▸ EXERCISE DESCRIPTION:
Please restate, word for word, each line from the one containing "HONDA 1200 VFR CROSSTOURER DCT" through the end of the entries below.

Crawled caption data
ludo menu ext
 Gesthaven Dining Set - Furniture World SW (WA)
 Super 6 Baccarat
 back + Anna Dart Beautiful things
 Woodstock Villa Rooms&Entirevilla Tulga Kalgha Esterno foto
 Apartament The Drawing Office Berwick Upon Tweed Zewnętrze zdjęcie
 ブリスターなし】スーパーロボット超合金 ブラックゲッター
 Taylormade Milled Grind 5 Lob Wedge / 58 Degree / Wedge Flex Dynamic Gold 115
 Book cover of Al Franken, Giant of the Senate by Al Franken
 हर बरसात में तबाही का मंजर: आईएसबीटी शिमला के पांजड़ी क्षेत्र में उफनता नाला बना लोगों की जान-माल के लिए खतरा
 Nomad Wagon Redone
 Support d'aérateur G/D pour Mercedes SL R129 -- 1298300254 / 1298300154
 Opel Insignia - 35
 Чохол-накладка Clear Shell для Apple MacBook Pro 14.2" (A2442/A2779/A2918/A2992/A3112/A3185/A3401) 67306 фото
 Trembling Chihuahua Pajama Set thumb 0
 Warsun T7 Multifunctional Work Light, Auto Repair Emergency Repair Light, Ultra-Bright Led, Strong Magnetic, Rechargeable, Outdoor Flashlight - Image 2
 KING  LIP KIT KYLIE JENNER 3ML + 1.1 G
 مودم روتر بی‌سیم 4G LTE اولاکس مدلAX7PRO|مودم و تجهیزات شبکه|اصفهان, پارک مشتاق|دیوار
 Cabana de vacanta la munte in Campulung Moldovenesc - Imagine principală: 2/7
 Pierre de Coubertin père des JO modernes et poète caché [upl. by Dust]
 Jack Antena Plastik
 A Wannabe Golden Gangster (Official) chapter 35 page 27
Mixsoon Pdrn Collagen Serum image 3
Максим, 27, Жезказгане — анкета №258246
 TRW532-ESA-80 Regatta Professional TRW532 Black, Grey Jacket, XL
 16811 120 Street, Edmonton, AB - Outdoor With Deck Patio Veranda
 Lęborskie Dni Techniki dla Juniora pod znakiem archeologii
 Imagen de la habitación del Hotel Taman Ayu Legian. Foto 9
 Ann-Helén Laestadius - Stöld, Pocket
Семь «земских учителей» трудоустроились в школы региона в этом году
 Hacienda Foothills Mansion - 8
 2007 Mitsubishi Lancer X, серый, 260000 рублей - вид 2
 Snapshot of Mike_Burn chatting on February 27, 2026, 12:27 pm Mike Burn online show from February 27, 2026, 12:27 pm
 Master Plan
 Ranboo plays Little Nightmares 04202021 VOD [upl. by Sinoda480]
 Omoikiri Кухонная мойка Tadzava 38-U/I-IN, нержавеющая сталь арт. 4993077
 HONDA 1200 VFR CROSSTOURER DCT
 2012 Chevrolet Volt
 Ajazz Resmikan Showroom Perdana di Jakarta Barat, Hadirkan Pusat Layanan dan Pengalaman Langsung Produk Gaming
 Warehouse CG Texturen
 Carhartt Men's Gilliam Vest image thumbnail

▸ RESPONSE AREA:
 HONDA 1200 VFR CROSSTOURER DCT
 2012 Chevrolet Volt
 Ajazz Resmikan Showroom Perdana di Jakarta Barat, Hadirkan Pusat Layanan dan Pengalaman Langsung Produk Gaming
 Warehouse CG Texturen
 Carhartt Men's Gilliam Vest image thumbnail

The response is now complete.